YOUR ASSIGNMENT:
When writing out the entries below, keep only the lines from the line with "Hi everyone, James" to the line with "My name is Dr.", both included, exactly as they are, and leave the pictures aside.

:: PROVIDED DATA ::

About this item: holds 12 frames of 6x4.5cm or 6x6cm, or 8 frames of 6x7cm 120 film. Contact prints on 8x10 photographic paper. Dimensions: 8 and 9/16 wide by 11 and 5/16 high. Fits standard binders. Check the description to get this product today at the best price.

:::
:: PROVIDED DATA ::

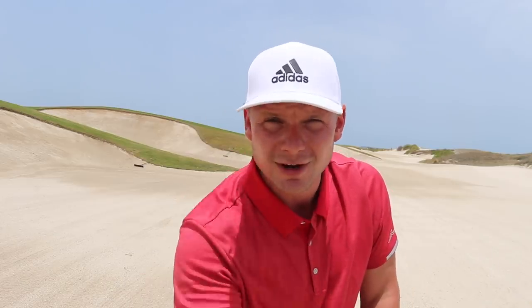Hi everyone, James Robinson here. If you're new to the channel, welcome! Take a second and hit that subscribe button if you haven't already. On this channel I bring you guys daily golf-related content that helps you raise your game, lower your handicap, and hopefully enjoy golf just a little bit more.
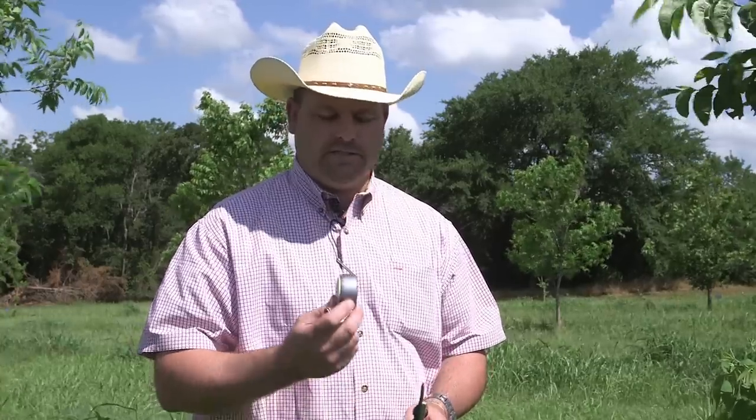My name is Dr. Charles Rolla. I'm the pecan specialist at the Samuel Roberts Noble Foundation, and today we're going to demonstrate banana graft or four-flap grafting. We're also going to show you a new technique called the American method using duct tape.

:::

ANSWER SECTION:
Hi everyone, James Robinson here. If you're new to the channel, welcome! Take a second and hit that subscribe button if you haven't already. On this channel I bring you guys daily golf-related content that helps you raise your game, lower your handicap, and hopefully enjoy golf just a little bit more.
My name is Dr. Charles Rolla. I'm the pecan specialist at the Samuel Roberts Noble Foundation, and today we're going to demonstrate banana graft or four-flap grafting. We're also going to show you a new technique called the American method using duct tape.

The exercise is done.